Apache Drill has bad performance against SQL Server - performance

I tried using apache-drill to run a simple join-aggregate query and the speed wasn't really good. my test query was:
SELECT p.Product_Category, SUM(f.sales)
FROM facts f
JOIN Product p on f.pkey = p.pkey
GROUP BY p.Product_Category
Where facts has about 422,000 rows and product has 600 rows. the grouping comes back with 4 rows.
First I tested this query on SqlServer and got a result back in about 150ms.
With drill I first tried to connect directly to SqlServer and run the query, but that was slow (about 5 sec).
Then I tried saving the tables into json files and reading from them, but that was even slower, so I tried parquet files.
I got the result back in the first run in about 3 sec. next run was about 900ms and then it stabled at about 500ms.
From reading around, this makes no sense and drill should be faster!
I tried "REFRESH TABLE METADATA", but the speed didn't change.
I was running this on windows, through the drill command line.
Any idea if I need some extra configuration or something?
Thanks!

Drill is very fast, but it's designed for large distributed queries while joining across several different data sources... and you're not using it that way.
SQL Server is one of the fastest relational databases. Data is stored efficiently, cached in memory, and the query runs in a single process so the scan and join is very quick. Apache Drill has much more work to do in comparison. It has to interpret your query into a distributed plan, send it to all the drillbit processes, which then lookup the data sources, access the data using the connectors, run the query, return the results to the first node for aggregation, and then you receive the final output.
Depending on the data source, Drill might have to read all the data and filter it separately which adds even more time. JSON files are slow because they are verbose text files that are parsed line by line. Parquet is much faster because it's a binary compressed column-oriented storage format designed for efficient scanning, especially when you're only accessing certain columns.
If you have a small dataset stored on a single machine then any relational database will be faster than Drill.
The fact that Drill gets you results in 500ms with Parquet is actually impressive considering how much more work it has to do to give you the flexibility it provides.

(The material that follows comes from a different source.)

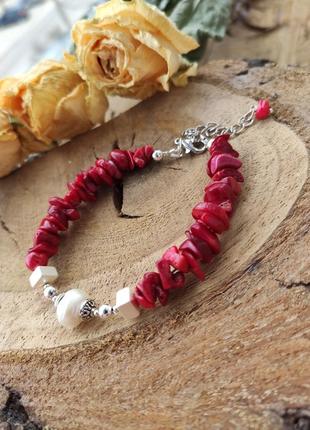 Коралловый браслет 10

If you only have a few million rows, stick with SQL server. If you have billions of rows, then use the SQL Server columnstore feature to store data in columnar format with great compression and performance.
Use Apache Drill when you:
Have 10s of billions of rows or more
Have data spread across many machines
Have unstructured data like JSON stored in files without a standard schema
Want to split the query across many machines to run in faster in parallel
Want to access data from different databases and file systems
Want to join data across these different data sources

One thing people need to understand about how Drill works is how Drill translates an SQL query to an executable plan to fetch and process data from, theoretically, any source of data. I deliberately didn't say data source so people won't think of databases or any software-based data management system.
Drill uses storage plugins to read records from whatever data the storage plugin supports.
After Drill gets these rows, it starts performing what is needed to execute the query, whats needed may be filtering, sorting, joining, projecting (selecting specific columns)...etc
So drill doesn't by default use any of the source's capabilities of processing the queried data. In fact, the source may not support any capability of such !
If you wish to leverage any of the source's data processing features, you'll have to modify the storage plugin you're using to access this source.
One query I regularly remember when I think about Drill's performance, is this one
Select a.CUST_ID, (Select count(*) From SALES.CUSTOMERS where CUST_ID < a.CUST_ID) rowNum from SALES.CUSTOMERS a Order by CUST_ID
Only because of the > comparison operator, Drill has to load the whole table (i.e actually a parquet file), SORT IT, then perform the join.
This query took around 18 minutes to run on my machine which is a not so powerful machine but still, the effort Drill needs to perform to process this query must not be ignored.
Drill's purpose is not to be fast, it's purpose is to handle vast amounts of data and run SQL queries against structured and semi-structured data. And probably other things that I can't think about at the moment but you may find more information for other answers.

Related

cache table advanced before executing the spark sql

We are doing a POC to compare different tools including spark sql, apache drill and so forth. The bechmark dataset includes almost one thousand parquet files. For the same query, apache drill takes like several seconds while spark sql takes more than 40 minutes. I guess the running time for spark sql is dominated by reading files from disk. Actually, the POC aims at finding how long do the queries themselves take, we kind of do not worry about the spend in reading files from disk at current. We are wondering is there a way to cache all the tables at advance and then execute the test queries on these cached tables. We understand that cache is also lazy and caches data right after first action on a query. Our solution now is to use a dummy action and a dummy query to cache the table first and then execute the test queries.
For example:
table1 = sqlContext.read.load(path1)
table1.registerTempTable("table1")
sqlContext.cache("table1")
result1 = sqlContext.sql("sql1")
table2 = sqlContext.read.load(path2)
table2.registerTempTable("table2")
sqlContext.cache("table2")
result2 = sqlContext.sql("sql2")
result1.show() //dummy action
result2.show() //dummy action
I'm wondering what does the cache really do? As we know that cache is also lazy and it happens at the first action. Does it make any difference for using different dummy actions and different queries?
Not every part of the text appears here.